MAMMA: Markerless & Automatic Multi-Person Motion Action Capture
Journal:
arXiv
Published Date:
Jun 16, 2025
Abstract
We present MAMMA, a markerless motion-capture pipeline that accurately
recovers SMPL-X parameters from multi-view video of two-person interaction
sequences. Traditional motion-capture systems rely on physical markers.
Although they offer high accuracy, their requirements of specialized hardware,
manual marker placement, and extensive post-processing make them costly and
time-consuming. Recent learning-based methods attempt to overcome these
limitations, but most are designed for single-person capture, rely on sparse
keypoints, or struggle with occlusions and physical interactions. In this work,
we introduce a method that predicts dense 2D surface landmarks conditioned on
segmentation masks, enabling person-specific correspondence estimation even
under heavy occlusion. We employ a novel architecture that exploits learnable
queries for each landmark. We demonstrate that our approach can handle complex
person--person interaction and offers greater accuracy than existing methods.

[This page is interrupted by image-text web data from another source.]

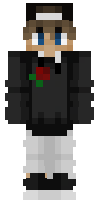 Скин по нику Rose_J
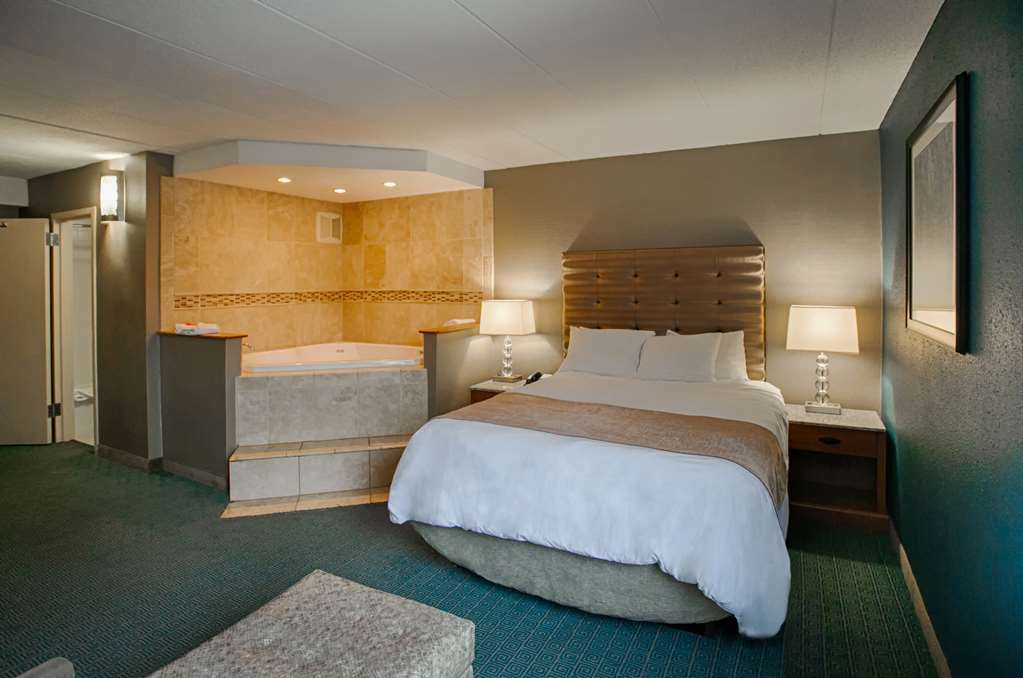 Doubletree By Hilton Roseville Minneapolis Værelse billede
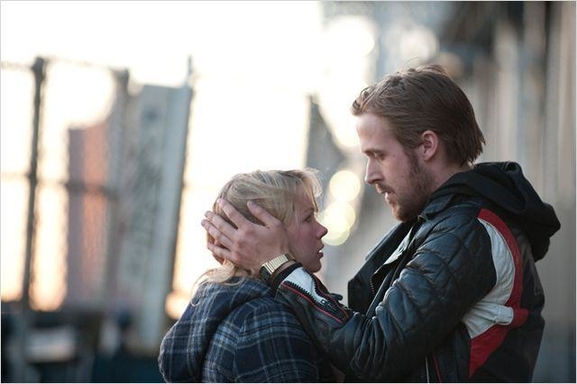 Gagnez le DVD du film "Blue Valentine" !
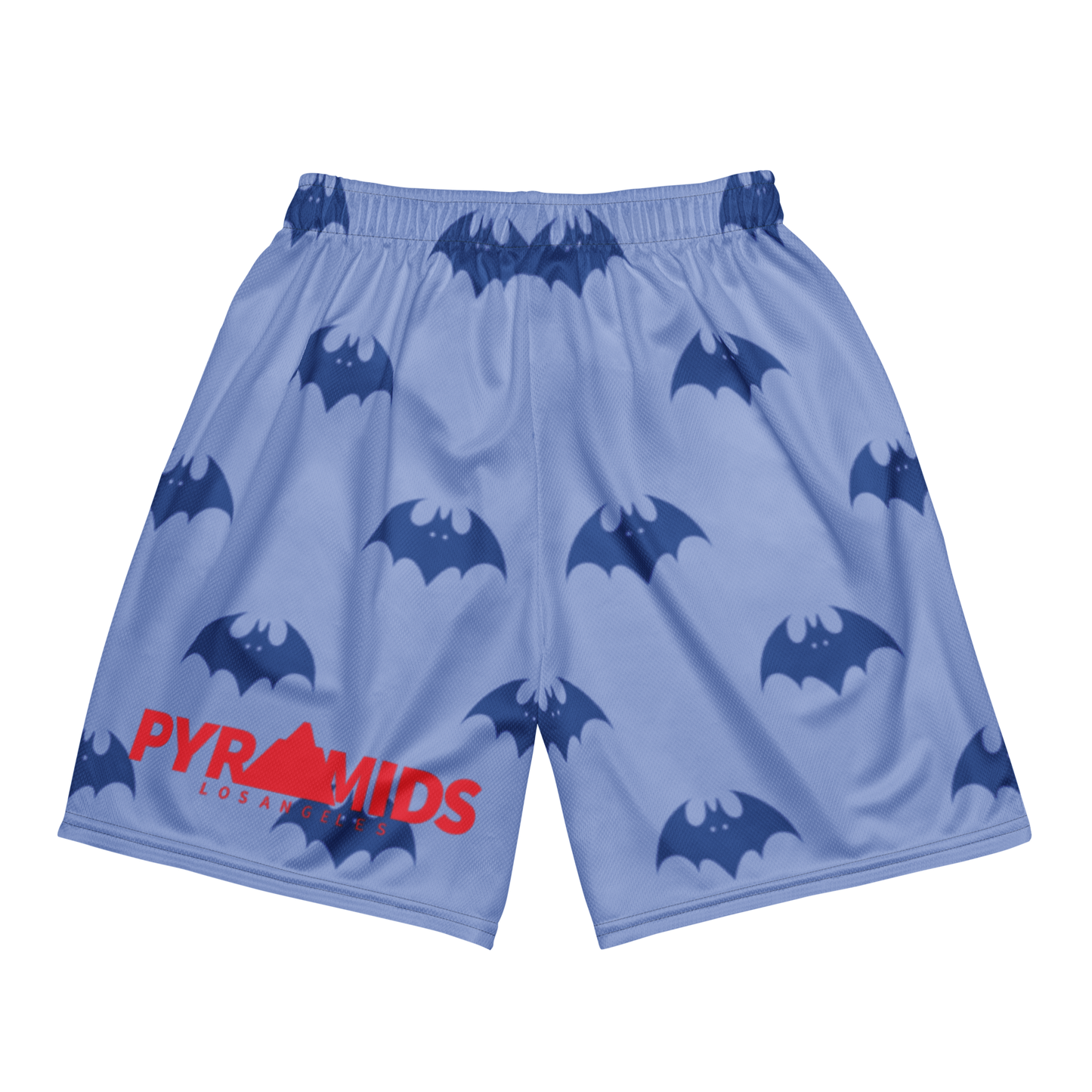 Lilith Unisex Mesh Shorts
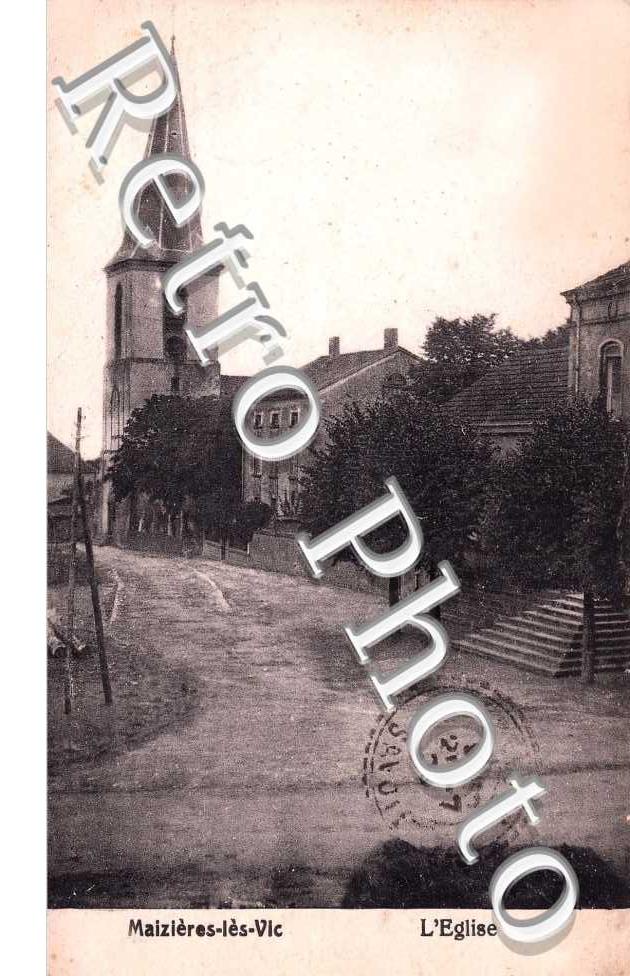 L'eglise
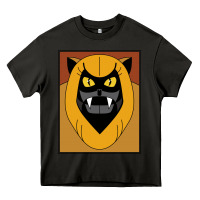 Asphalt Ookla The Mok Saturday Morning Cartoon Pop Art gift Heavy Core Tee - trangStudio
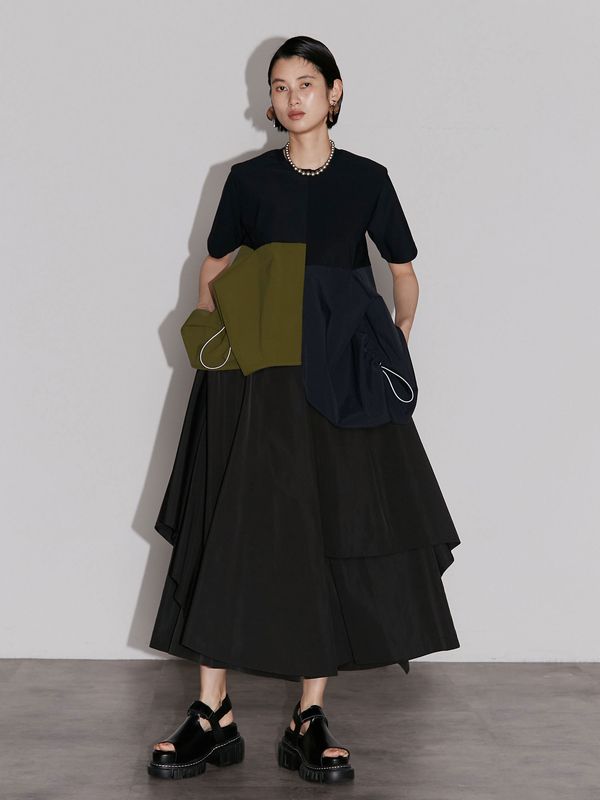 asymme layered pt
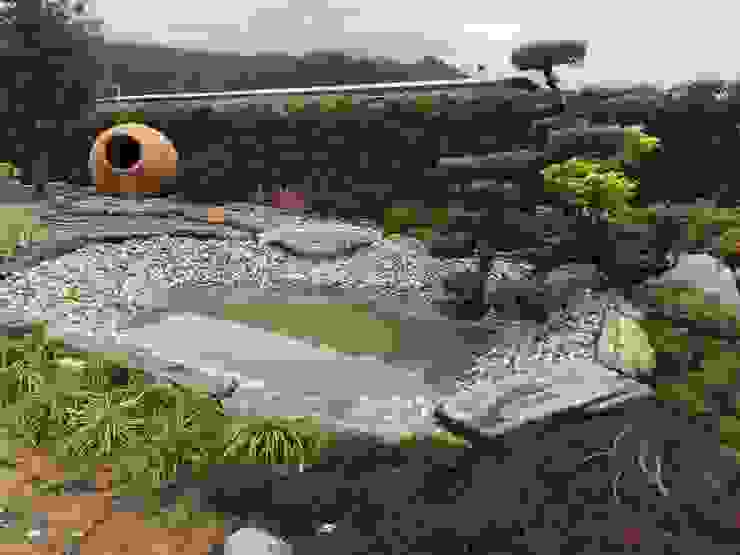 Azienda agricola Vivai Romeo Mediterraner Garten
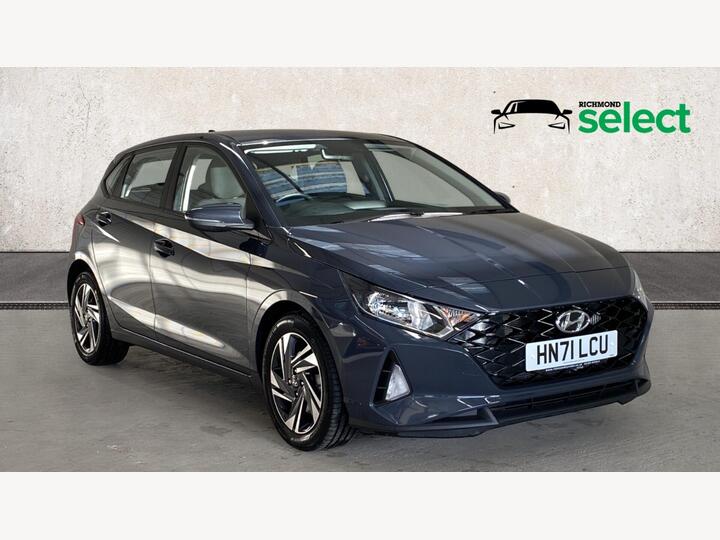 Hyundai I20 1.0 T-GDi Element Euro 6 (s/s) 5dr
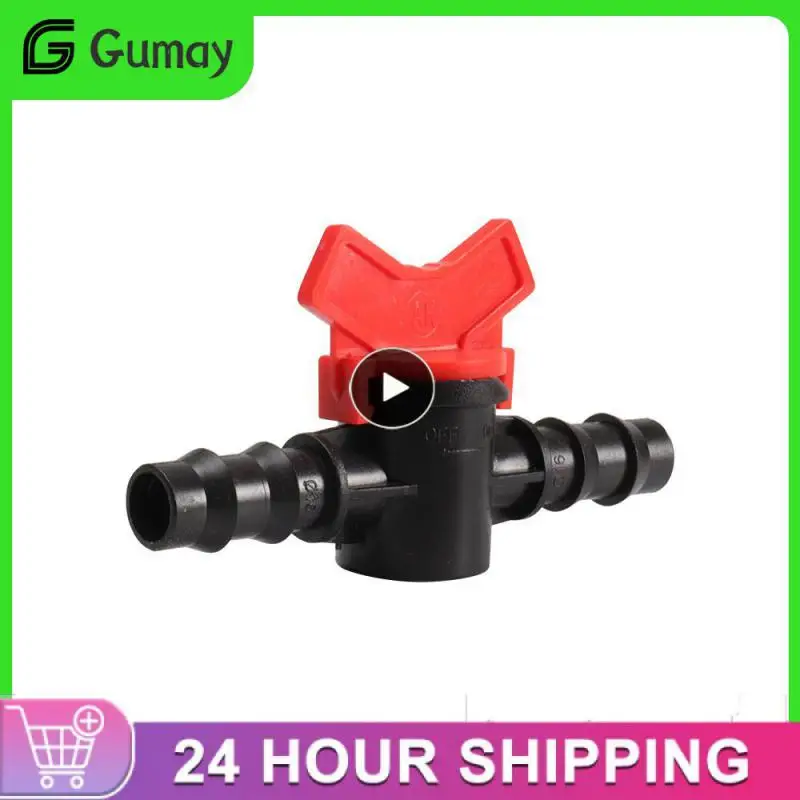 Мини-клапан для системы полива сада 16/20/25/4/7/8/11 мм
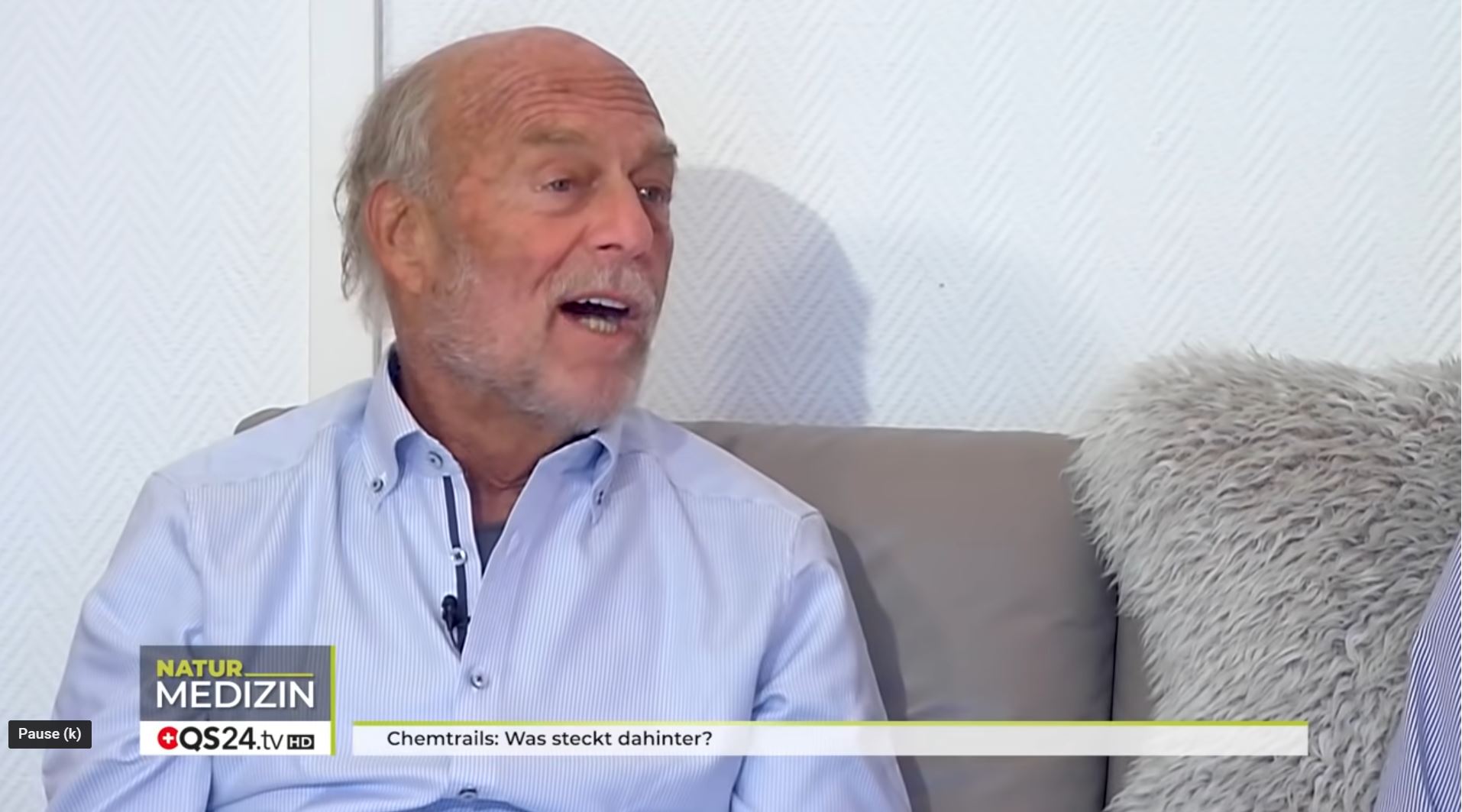 Chemtrails   Was steckt dahinter   QS24   Schweizer Gesundheitsfernsehen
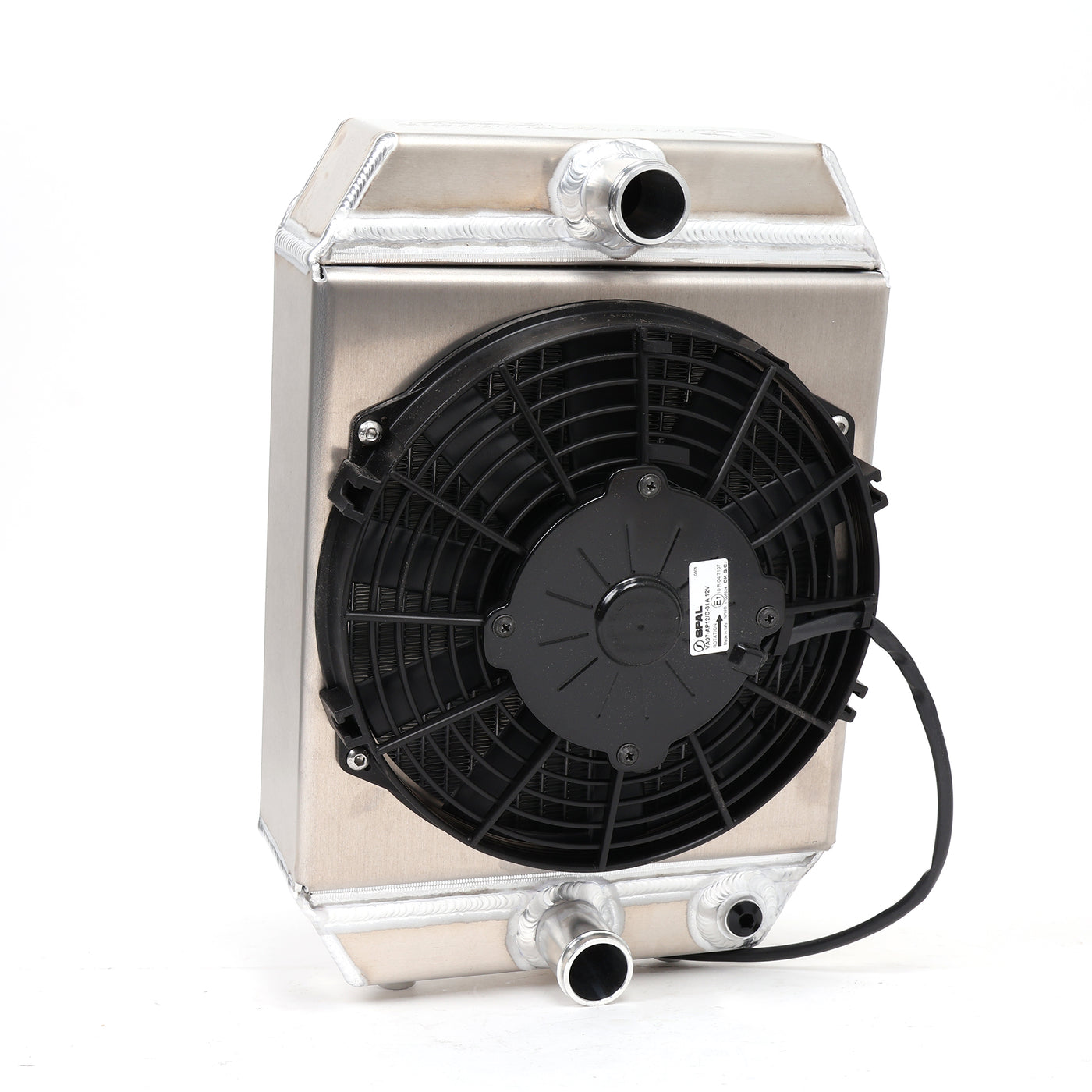 SpeedFactory Universal Aluminum Race Radiator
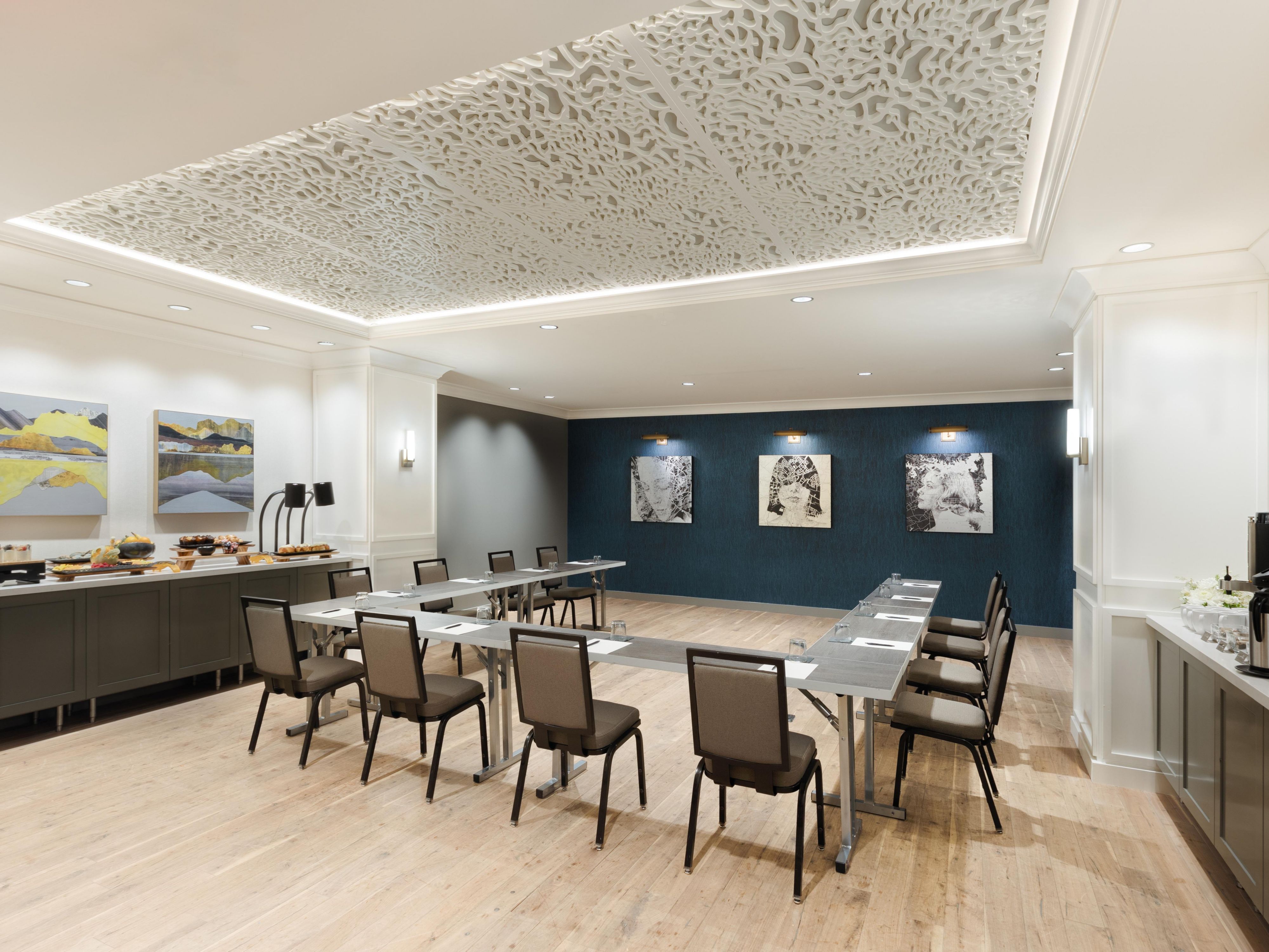 Markham Meeting Room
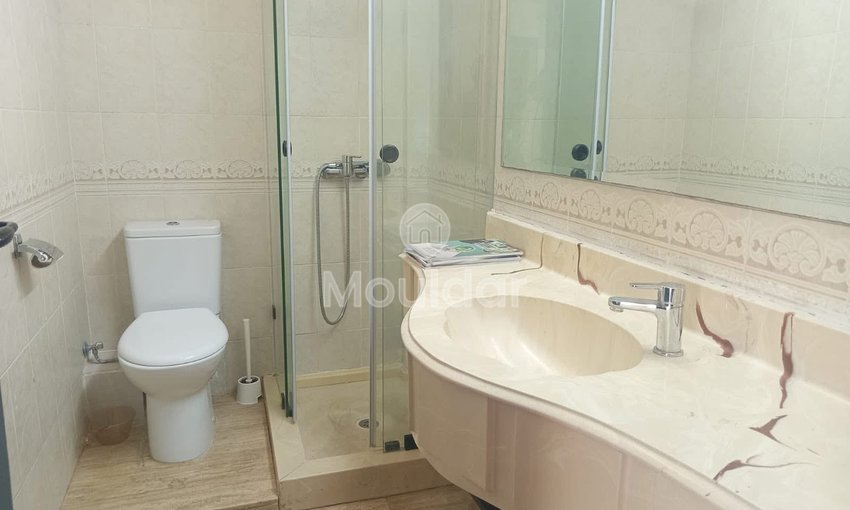 Appartamento in affitto a Casablanca: 3 camere da letto con terrazza - view 8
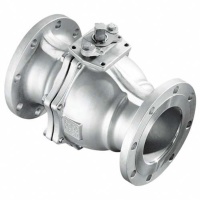 General Purpose/API 607 Fire Safe Approved Stainless Steel Ball Valves
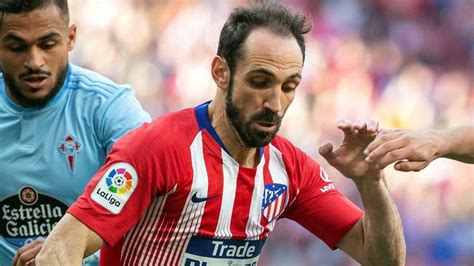 Atlético de Madrid | Juanfran dejará el Atlético al final de esta temporada - RTVE.es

To train our network, we construct a large, synthetic multi-view dataset
combining human motions from diverse sources, including extreme poses, hand
motions, and close interactions. Our dataset yields high-variability synthetic
sequences with rich body contact and occlusion, and includes SMPL-X
ground-truth annotations with dense 2D landmarks. The result is a system
capable of capturing human motion without the need for markers. Our approach
offers competitive reconstruction quality compared to commercial marker-based
motion-capture solutions, without the extensive manual cleanup. Finally, we
address the absence of common benchmarks for dense-landmark prediction and
markerless motion capture by introducing two evaluation settings built from
real multi-view sequences. We will release our dataset, benchmark, method,
training code, and pre-trained model weights for research purposes.